L’état des créances établi par la commission de surendettement le 23 juillet 2024 fait apparaître que la dette de M. [Z] à l’égard de la société [12] est sa dette principale. En effet, l’état des créances ne mentionne que deux autres dettes l’une auprès d'[10] d’un montant de 2 006,63 euros l’autre à l’égard de la caisse d’allocations familiales d’un montant de 126,03 euros.
Dans son courrier d’accompagnement de sa saisine de la commission M. [C] [Z] a indiqué qu’il était à la recherche d’un emploi et percevait une indemnité journalière de 30 euros que ses dettes s’étaient donc accumulées, d’autant plus qu’il devait aider sa mère malade.

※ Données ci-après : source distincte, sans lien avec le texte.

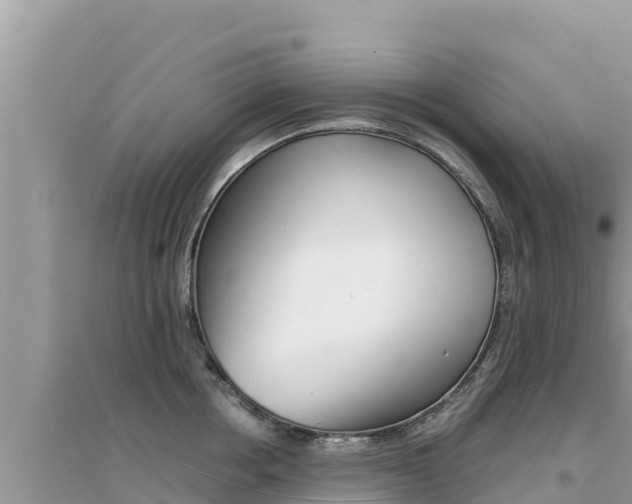 X0000095120858200712070942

Il résulte de l’ensemble de ses éléments qu’alors que M. [Z] avait déjà bénéficié de l’effacement de sa dette locative pour un montant de 21 482,20 euros, qu’un jugement lui avait enjoint de quitter les lieux, il s‘y est maintenu sans plus rien payer pendant plus d’un an et alors qu’il ne les occupait plus vraiment. Il s’en déduit qu’il ne s’est plus préoccupé de paiement de l’indemnité d’occupation ni n’a cherché à restituer les lieux rapidement sachant qu’eu égard à ses ressources et à ses charges il se retrouverait en situation de surendettement et serait susceptible de bénéficier d’un nouvel effacement. Il n’ignorait pas qu’il ne pourrait pas faire face à cette nouvelle dette aujourd’hui d’un montant de 13 639,03 euros, alors que ses indemnités journalières lui permettaient de régler l’indemnité d’occupation au moins pour partie. II doit donc être considéré que M. [C] [Z] est de mauvaise foi.
Il y a lieu en conséquence de déclarer la demande de M. [C] [Z] de bénéficier de la procédure de surendettement irrecevable.
PAR CES MOTIFS
Le juge des contentieux de la protection, statuant en audience publique, par jugement par défaut, rendu en dernier ressort susceptible de pourvoi et par mise à disposition au greffe ;
Déclare recevable le recours formé par la société [12] à l’encontre de la décision de recevabilité rendue par la commission de surendettement de Seine-Saint-Denis le 8 juillet 2024,
Déclare M. [C] [Z] irrecevable à bénéficier des mesures de traitement de sa situation de surendettement,
Renvoie le dossier de M. [C] [Z] à la commission de surendettement des particuliers de Seine-Saint-Denis pour clôture de la procédure,
Laisse les dépens à la charge des parties qui les ont exposés,
Rappelle l’exécution provisoire de la présente décision,
Dit que la présente décision sera notifiée aux parties par lettre recommandée avec accusé de réception et par lettre simple à la Commission d’examen des situations de surendettement des Particuliers de Seine-Saint-Denis.
Ainsi fait et jugé à Bobigny le 21 mars 2025.